From Cache-Cows to Cash-Hogs

While the industry is working to come up with a decent platform for hosting the file deluge that delivers respectable performance in terms of access on demand to file data, vendors are really just building a bigger junk drawer. Costs to store files are accelerating, partly as a consequence of vendor hardware warranty and maintenance agreements which add obscene after-sale costs to initial hardware purchases, and partly because of a lack of discipline in managing file data itself.

In Dallas recently, I was a guest of storage engineering company Zerowait at a meeting of storage planners for about 20 large enterprise users of brand-name storage gear. To a one, the key question being asked was how to get out from under OEM maintenance agreements.

Zerowait, whose company offers third-party maintenance and support, talked about leveraging qualified third-party support contracts to replace high-dollar agreements purchased at the time of equipment sale then renewed every year thereafter. Even where storage hardware had been deemed "end-of-life" by the original equipment manufacturer, maintenance contract prices remained the same as for new equipment, or grew in cost. Using third-party services from qualified vendors were the best solution, the Zerowait spokesperson argued to a largely receptive audience, suggesting that we may be poised for an uptick in sales of such services.

In Austin, later in the same week, I met with several dozen IT executives at FujiFilm's Global IT Summit. Their interest seemed to go to the real root cause of storage cost: keeping data on spinning rust forever.

Many were at the Summit to hear about advances in tape technology, which they said was their preferred strategy for dealing with the cost of burgeoning file storage. Given the precipitous drop in rates of file re-reference -- accesses to files once written to disk tend to drop off to zero within 30 days, often sooner -- the question repeatedly being raised was simple: why store data on disk at all after that time?

Others winced at a challenge that they see coming in the near term: the need to classify data to manage its cost. This story had two dimensions. One speaker for a large telco said that its prior strategy to de-duplicate data and store it on a large installation of Data Domain hardware had proven misguided and expensive. The Data Domain equipment, the speaker said, had been "gifted" to his company as a drag-along to the EMC storage they were buying for other uses. They took advantage of this gift to host massive amounts of file data but quickly discovered that not all files avail themselves of the same de-duplication ratios. He had to revisit the strategy and to classify data better to send only the data to the platform that would reduce well using the technology. The alternative was to stand up many more de-duplicating arrays with each one having its own separate management requirement -- a labor cost accelerator.
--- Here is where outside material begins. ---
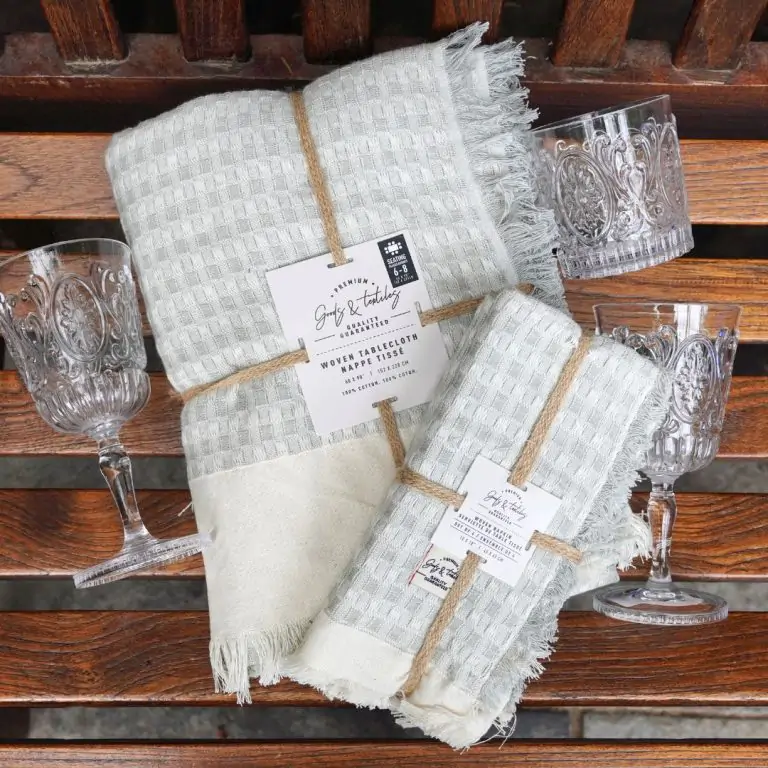 garden linens with glassware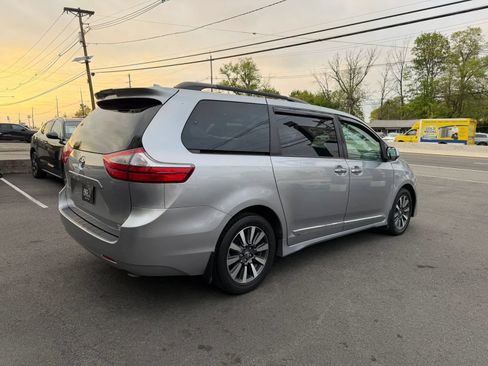 Used 2018 Toyota Sienna XLE w/ XLE Navigation Package AWD/4WD image 8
This fellow and others said that archiving files to tape was proving to be a more compelling approach (good news for FujiFilm, which makes LTO tape), but what they went on to say made even more sense. Prior to platforming data at all, the speakers concluded, it was necessary to establish the policies and mechanisms to classify that data at a more granular level -- not just to optimize storage technology investments such as de-duplication or media but to facilitate its inclusion in retention and deletion schemes that would bend the curve of data massing.

Smart folks, those FujiFilm Summit participants.